Community testifiers amid weeks of debate came out in strong support for the measure to mitigate overtourism and the only opponents were industry and union representatives, she said.
“Emergency situations call for quick action,” she told The Maui News. “It’s really disappointing that the mayor has called for a pause in tourism. . . . He wants less tourists to come here, but he wants more places for them to stay.”
As Maui County experiences some of the highest influxes of visitors in the state, Victorino last month asked that airlines voluntarily reduce air seats to the county. Airlines did not reduce seats, and visitors legally cannot be prevented from coming to Maui.

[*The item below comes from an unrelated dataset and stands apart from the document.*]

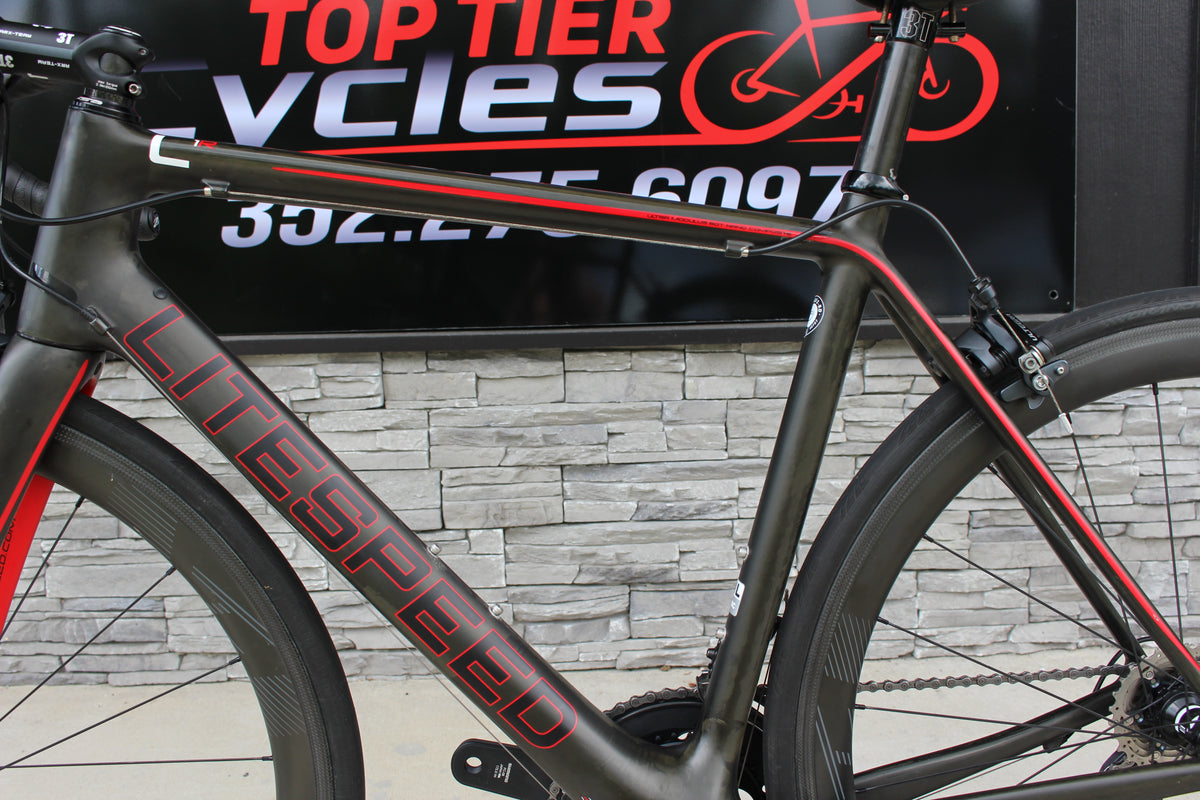 2012 LiteSpeed L1R- Ultegra- Race Wheels- 15lbs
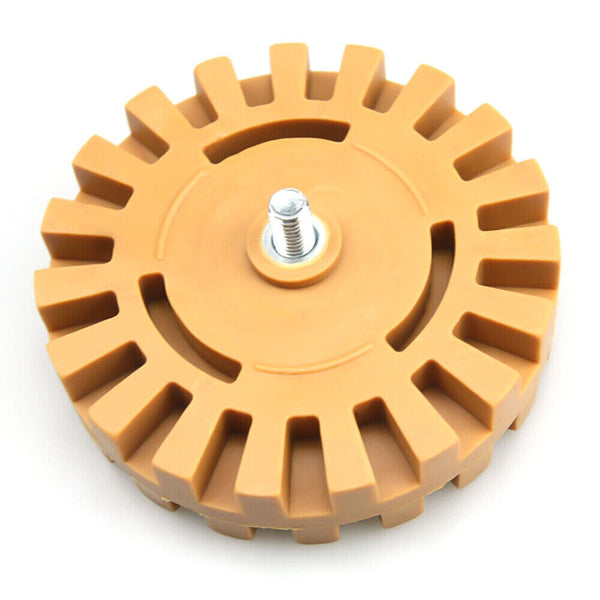 Decal Remover Rubber Eraser Wheel Adhesive Sticker Graphics Removal Eraser Tool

Victorino said in the announcement Tuesday that the bill will have unintended consequences, such as feeding illegal transient vacation rental operations and opening legal loopholes for litigation.
He contended Bill 60 did not go through “proper reviews” required by the Maui County Charter, adding that the county’s Corporation Counsel did not sign the bill.
“So its legal deficiencies pose a significant risk, and it will languish in litigation if Bill 60 is allowed to become law,” Baz said during the news conference.
King said the bill is legally strong and was modeled after moratorium legislation from other municipalities that has withstood legal challenges.
“So we’re very confident that this bill was bulletproof,” she said. “Of course anybody can sue for anything. They can try and sue but it will likely fall short.”
She added that the bill only pertains to building permits and not land use approvals or entitlements.
The purpose of Bill 60 is to “temporarily maintain the status quo.” It cites the Maui Island Plan’s policy that calls for a daily visitor population not to exceed one-third of the resident population.
The moratorium would not apply to developments that have received their final approval prior to the bill taking effect, nor would it apply to renovations or repairs at existing visitor accommodations that do not increase capacity.
During the council’s July 2 meeting, Council Vice Chairwoman Keani Rawlins-Fernandez and Council Members King, Mike Molina, Shane Sinenci, Tamara Paltin and Gabe Johnson voted for the measure. Council Chairwoman Alice Lee and Council Member Yuki Lei Sugimura were opposed. Council Member Tasha Kama was excused.
When asked whether mayor believes he has the votes for his veto to stand, Baz said that was not part of the mayor’s decision making.
“The mayor looked at the bill itself and looked at the impacts of it and decided it was something that needed to be vetoed,” he said. “Whether or not the council overrides that veto is in the council’s purview and whether or not there is enough votes on it is really up to the members themselves.”
Rod Antone, executive director of Maui Hotel and Lodging Association and an industry lobbyist, said on Tuesday that instead of allowing Bill 60 to pass, he hopes that collaborative solutions can be found on ways to mitigate the negative impacts of tourism.
“The industry, government and the community must work together to come up with legislation that helps us better manage tourism,” he said.